A larger fund, of around €2.5–€3.0 billion, could boost both CER use and CER prices, if the fund also practised price discrimination. A fund of this size could largely eliminate the current CER overhang and hence lead to a fundamental adjustment of CER prices. In turn, this would allow the fund to achieve a wider range of benefits including providing a price signal for new investment, sustaining project origination capacity and helping to restore market confidence in the CDM.
To be effective at this level of capitalisation the fund would need to offer different prices for different CERs. This would require an auction mechanism. Selective purchasing could focus the price and quantity impacts of a fund on certain parts of the market; this may be desirable but also carries risks of market fragmentation.
The choice of the credits that the fund purchased would need to be chosen carefully. Assuming a small amount of demand for CERs from the EU ETS, Australia’s carbon pricing mechanism and sovereign demand, then if a €500m fund were prevented from purchasing credits only from large hydro and industrial gas projects then there would be only a small difference in the price it might achieve for eligible credits and from not being at all selective (around €0.03 per CER).
At the other extreme, if the fund focussed only on credits from LDCs then it would struggle to spend €500m and would generate very substantial price differences between eligible and ineligible credits (a differential of around €15 per CER).
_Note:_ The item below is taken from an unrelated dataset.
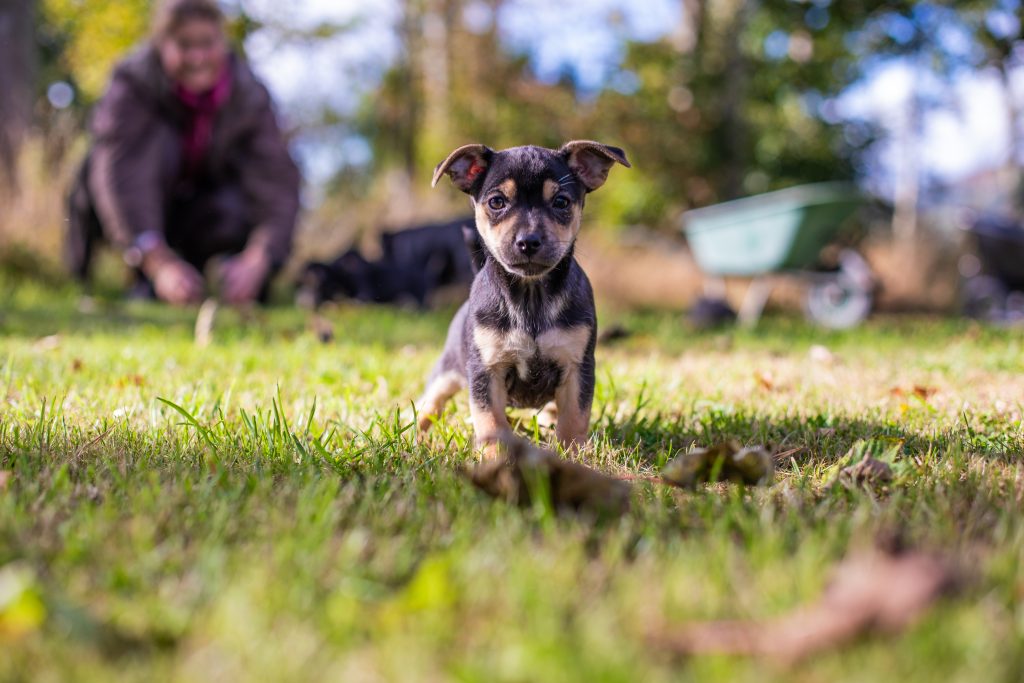 puppy running through grass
A fund which did not purchase credits from any industrial gas or energy projects would have an intermediate impact: the price for eligible credits might rise to around €0.70/CER.
This analysis considers the impact of a CDM existing-project fund in the current market context; there are a number of other possible changes to that market context that could also help address the supply–demand imbalance. These would allow a smaller fund to have a more significant market impact.
For example, the development of new emissions trading schemes may lead to an increase in the demand for CERs. It could also result in some of the current potential supply of credits being withdrawn from the CDM so that they may be used domestically. Other commentators have discussed the possibility of supply-side regulatory measures to help reduce the future supply of credits or to restrict the eligibility of ERUs within existing schemes so as to boost the demand for CERs. Although the assessment of the combined impact of a CDM capacity fund with these other developments has not been an explicit part of this study, they may mean that a smaller fund could have a more significant impact on market prices.
Other analysis in the report indicates that to reach a target price of Euro 2.5/CER with a "no CER demand" scenario, a Euro 11.7 billion fund would be needed, while in a low CER demand scenario, the fund would require Euro 10.8 billion and in a medium CER demand scenario, the fund would need to be about Euro 9.8 billion in size.